Records from a data source
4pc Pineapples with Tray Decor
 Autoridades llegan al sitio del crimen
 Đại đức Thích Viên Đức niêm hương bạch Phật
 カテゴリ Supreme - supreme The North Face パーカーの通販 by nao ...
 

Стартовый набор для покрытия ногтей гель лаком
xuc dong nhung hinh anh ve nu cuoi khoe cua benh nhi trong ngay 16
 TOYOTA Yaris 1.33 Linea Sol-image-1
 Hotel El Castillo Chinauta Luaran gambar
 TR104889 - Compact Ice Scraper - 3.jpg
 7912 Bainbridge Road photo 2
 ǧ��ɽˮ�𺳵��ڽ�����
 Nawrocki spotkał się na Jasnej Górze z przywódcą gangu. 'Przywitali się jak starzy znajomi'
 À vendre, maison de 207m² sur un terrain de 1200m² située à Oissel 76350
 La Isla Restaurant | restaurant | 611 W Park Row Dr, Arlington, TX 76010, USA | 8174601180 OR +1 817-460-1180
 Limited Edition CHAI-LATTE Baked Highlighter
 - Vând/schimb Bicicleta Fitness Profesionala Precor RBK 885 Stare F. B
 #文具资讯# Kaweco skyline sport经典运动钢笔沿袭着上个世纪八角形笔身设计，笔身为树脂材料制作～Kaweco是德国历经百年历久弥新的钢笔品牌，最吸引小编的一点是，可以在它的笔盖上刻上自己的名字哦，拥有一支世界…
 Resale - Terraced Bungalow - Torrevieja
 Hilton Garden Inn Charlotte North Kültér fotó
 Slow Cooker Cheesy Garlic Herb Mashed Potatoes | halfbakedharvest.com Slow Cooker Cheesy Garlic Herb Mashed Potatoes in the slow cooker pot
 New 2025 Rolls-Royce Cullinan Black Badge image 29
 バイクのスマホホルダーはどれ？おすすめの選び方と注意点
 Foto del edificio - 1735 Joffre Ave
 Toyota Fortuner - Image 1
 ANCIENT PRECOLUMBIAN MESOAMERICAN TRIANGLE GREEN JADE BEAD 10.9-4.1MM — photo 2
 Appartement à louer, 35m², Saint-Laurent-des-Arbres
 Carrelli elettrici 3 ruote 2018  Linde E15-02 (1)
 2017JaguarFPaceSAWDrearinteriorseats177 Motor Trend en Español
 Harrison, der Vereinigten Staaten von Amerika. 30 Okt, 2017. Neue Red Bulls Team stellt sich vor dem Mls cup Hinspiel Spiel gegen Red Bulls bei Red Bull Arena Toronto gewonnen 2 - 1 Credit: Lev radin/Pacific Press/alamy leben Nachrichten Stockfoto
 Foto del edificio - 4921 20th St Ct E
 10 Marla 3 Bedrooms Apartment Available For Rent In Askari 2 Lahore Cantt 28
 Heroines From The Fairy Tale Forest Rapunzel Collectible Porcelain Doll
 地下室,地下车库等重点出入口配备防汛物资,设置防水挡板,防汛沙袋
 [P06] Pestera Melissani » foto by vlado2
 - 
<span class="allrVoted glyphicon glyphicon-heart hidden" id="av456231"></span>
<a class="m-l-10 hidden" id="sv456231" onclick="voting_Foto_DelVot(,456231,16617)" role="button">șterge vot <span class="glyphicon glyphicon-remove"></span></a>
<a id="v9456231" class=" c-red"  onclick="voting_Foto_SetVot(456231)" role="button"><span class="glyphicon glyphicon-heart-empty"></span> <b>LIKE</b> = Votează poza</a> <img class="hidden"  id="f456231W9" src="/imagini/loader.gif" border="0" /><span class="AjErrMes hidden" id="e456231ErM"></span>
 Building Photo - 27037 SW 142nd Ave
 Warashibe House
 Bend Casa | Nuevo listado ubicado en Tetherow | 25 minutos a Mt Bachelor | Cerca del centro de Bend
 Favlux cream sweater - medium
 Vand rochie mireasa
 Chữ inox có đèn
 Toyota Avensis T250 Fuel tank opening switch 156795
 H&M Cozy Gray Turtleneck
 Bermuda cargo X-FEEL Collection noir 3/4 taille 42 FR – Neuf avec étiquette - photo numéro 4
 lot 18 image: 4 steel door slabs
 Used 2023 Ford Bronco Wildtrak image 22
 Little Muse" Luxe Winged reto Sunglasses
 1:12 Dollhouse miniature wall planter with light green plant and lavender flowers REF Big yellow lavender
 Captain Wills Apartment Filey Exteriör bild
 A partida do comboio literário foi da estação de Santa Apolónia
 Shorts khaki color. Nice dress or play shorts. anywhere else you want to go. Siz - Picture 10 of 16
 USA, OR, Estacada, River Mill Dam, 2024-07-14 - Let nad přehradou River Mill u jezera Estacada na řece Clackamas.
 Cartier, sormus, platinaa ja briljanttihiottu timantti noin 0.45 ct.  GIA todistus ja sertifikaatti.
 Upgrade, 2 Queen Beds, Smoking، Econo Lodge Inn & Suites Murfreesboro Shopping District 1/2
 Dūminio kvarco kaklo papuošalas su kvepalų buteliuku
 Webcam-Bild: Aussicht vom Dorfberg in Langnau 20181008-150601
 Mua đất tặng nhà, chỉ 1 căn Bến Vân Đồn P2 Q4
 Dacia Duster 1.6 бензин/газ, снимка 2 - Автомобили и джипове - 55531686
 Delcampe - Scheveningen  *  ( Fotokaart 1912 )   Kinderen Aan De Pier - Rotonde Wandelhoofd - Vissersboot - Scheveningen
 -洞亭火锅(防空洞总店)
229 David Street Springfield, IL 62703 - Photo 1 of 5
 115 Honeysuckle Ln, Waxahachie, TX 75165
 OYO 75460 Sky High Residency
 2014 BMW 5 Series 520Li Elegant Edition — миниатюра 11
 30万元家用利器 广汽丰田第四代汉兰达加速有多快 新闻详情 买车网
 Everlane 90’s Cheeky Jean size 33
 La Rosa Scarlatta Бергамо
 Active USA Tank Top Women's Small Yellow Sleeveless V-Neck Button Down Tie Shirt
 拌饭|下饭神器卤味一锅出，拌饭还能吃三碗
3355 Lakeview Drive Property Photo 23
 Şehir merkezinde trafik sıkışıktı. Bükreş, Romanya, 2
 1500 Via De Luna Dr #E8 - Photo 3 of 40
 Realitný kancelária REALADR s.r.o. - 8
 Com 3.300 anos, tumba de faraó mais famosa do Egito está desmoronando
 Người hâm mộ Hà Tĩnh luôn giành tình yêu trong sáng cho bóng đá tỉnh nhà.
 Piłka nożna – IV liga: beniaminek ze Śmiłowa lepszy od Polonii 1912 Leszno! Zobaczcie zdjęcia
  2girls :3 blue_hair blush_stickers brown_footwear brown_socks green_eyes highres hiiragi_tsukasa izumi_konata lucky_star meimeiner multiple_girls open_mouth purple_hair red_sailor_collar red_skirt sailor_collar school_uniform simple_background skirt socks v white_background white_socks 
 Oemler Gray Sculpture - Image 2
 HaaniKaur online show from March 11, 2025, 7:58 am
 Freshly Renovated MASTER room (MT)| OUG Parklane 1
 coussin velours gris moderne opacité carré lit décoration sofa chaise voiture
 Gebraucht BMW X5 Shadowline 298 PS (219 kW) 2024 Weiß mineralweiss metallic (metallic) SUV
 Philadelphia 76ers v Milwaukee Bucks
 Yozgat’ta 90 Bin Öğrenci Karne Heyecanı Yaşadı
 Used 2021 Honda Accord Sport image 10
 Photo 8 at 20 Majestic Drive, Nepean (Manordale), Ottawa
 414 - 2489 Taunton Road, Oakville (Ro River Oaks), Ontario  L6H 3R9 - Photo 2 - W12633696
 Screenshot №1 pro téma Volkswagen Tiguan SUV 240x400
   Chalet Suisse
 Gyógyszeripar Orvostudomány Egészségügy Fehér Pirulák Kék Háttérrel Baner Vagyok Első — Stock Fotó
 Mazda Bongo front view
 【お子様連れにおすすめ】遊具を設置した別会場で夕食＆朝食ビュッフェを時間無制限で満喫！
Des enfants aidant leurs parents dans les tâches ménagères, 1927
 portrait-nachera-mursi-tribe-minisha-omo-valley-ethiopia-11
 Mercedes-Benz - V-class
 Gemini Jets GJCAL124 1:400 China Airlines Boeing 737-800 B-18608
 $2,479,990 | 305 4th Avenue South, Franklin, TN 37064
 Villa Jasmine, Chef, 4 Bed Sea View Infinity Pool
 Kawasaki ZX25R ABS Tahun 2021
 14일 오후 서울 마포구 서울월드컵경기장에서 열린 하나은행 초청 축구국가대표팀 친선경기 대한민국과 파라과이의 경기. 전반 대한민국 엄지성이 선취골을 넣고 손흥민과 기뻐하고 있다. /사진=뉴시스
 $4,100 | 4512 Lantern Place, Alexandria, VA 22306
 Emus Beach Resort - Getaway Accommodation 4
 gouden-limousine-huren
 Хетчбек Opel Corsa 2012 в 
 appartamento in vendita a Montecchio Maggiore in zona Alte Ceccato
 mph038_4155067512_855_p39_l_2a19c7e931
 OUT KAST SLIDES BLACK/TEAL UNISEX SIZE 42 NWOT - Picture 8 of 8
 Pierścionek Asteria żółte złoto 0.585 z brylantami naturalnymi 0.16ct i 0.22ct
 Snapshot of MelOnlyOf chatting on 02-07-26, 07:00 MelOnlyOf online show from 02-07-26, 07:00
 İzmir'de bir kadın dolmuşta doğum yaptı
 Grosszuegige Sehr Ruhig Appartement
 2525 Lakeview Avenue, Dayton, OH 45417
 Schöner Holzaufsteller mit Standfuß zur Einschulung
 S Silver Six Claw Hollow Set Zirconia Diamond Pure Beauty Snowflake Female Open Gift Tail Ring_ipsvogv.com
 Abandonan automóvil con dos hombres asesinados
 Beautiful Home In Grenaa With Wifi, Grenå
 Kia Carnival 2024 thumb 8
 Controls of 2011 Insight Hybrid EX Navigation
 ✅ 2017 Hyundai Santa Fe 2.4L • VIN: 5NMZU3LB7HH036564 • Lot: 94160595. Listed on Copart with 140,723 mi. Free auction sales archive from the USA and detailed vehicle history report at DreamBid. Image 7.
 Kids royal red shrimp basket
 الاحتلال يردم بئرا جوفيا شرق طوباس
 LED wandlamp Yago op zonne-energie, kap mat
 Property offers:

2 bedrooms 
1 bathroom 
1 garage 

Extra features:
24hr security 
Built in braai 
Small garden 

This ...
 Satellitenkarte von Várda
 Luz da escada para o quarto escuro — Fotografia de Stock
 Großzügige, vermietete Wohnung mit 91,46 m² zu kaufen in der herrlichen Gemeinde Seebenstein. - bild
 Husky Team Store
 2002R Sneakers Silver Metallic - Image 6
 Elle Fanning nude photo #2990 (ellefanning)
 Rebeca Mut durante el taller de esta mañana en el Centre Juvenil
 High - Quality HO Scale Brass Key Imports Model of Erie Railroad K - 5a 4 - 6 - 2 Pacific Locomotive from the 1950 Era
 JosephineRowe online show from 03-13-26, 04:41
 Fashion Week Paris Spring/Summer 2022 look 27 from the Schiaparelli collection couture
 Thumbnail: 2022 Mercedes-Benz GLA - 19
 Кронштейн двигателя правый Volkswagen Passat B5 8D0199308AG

- [YOUR INSTRUCTIONS]: Copy out, word for word, the part of the entries above that begins at the line with "Foto del edificio - 4921 20th St Ct E" and ends at the line with "Winged reto Sunglasses", including both.

- [OUTPUT]:
 Foto del edificio - 4921 20th St Ct E
 10 Marla 3 Bedrooms Apartment Available For Rent In Askari 2 Lahore Cantt 28
 Heroines From The Fairy Tale Forest Rapunzel Collectible Porcelain Doll
 地下室,地下车库等重点出入口配备防汛物资,设置防水挡板,防汛沙袋
 [P06] Pestera Melissani » foto by vlado2
 - 
<span class="allrVoted glyphicon glyphicon-heart hidden" id="av456231"></span>
<a class="m-l-10 hidden" id="sv456231" onclick="voting_Foto_DelVot(,456231,16617)" role="button">șterge vot <span class="glyphicon glyphicon-remove"></span></a>
<a id="v9456231" class=" c-red"  onclick="voting_Foto_SetVot(456231)" role="button"><span class="glyphicon glyphicon-heart-empty"></span> <b>LIKE</b> = Votează poza</a> <img class="hidden"  id="f456231W9" src="/imagini/loader.gif" border="0" /><span class="AjErrMes hidden" id="e456231ErM"></span>
 Building Photo - 27037 SW 142nd Ave
 Warashibe House
 Bend Casa | Nuevo listado ubicado en Tetherow | 25 minutos a Mt Bachelor | Cerca del centro de Bend
 Favlux cream sweater - medium
 Vand rochie mireasa
 Chữ inox có đèn
 Toyota Avensis T250 Fuel tank opening switch 156795
 H&M Cozy Gray Turtleneck
 Bermuda cargo X-FEEL Collection noir 3/4 taille 42 FR – Neuf avec étiquette - photo numéro 4
 lot 18 image: 4 steel door slabs
 Used 2023 Ford Bronco Wildtrak image 22
 Little Muse" Luxe Winged reto Sunglasses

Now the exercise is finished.